SILLIMAN HELPS SELECT ROYALS 6TH INNING SONG
The Royals are pushing Garth Brooks out. They think they’re too good for “Low Places” and want a new 6th Inning song.
The Royals reason they’re out of the cellar, why keep reminding folks of the friends they had when they were down there. I think this is a “duh”, a given. If you call yourself “The Royals” why even consider you’ve got friends in low places. No, you don’t. All your friends are snooty and you need a better song.

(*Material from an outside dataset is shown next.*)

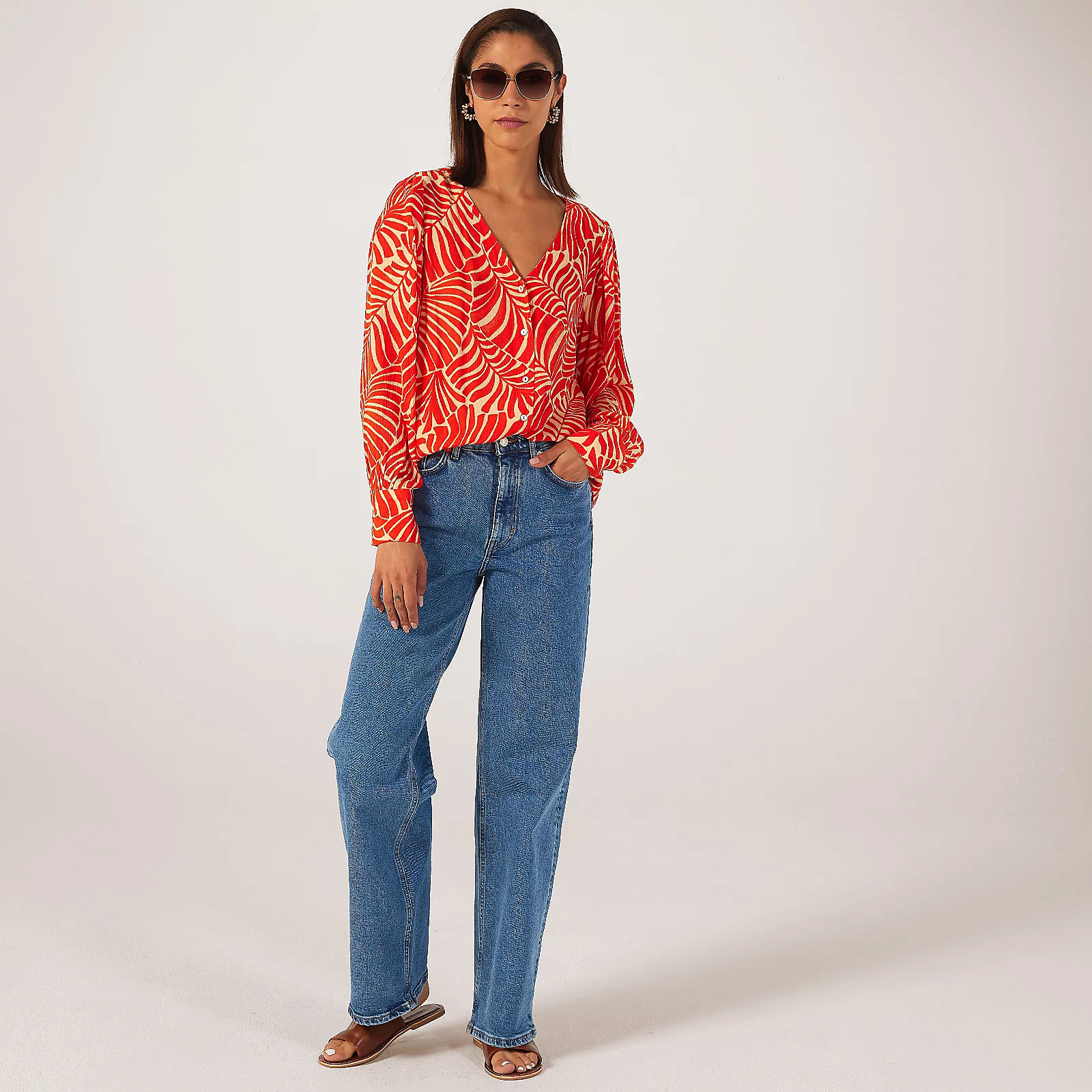 Only High Waist Wide Jean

We’re trying to help. Lyle even wants to contribute. Kansas City, by the way, has a lot of songs with its name in it. One of them was written by great team of Rodgers and Hammerstein with this line “Everything is Up to Date in Kansas City. They’ve gone about as far as they can go.” The problem with that song is it brings up another state plus I don’t think they’ve gone that far.
Kansas City Star is a good little song about a kid’s show TV star being a big fish in Kansas City. Roger Miller, another Oklahoman, might just be the right guy to replace Garth. It has the line “I’m the king of Kansas City, no thanks, Omaha, thanks a lot.” Roger seems to like to use the word “king” in his lyrics if you remember “King of the Road.” To us, that’s perfect for Royals, even if the “King” is a kiddie show host or a hobo.
Or do we go from Garth to the girl band Shangri-Las with their “Train From Kansas City.” The fans get to stand up and sing about a lying woman. At least it won’t be hobos, although there are trains involved. Lying women show up often in Kansas City songs.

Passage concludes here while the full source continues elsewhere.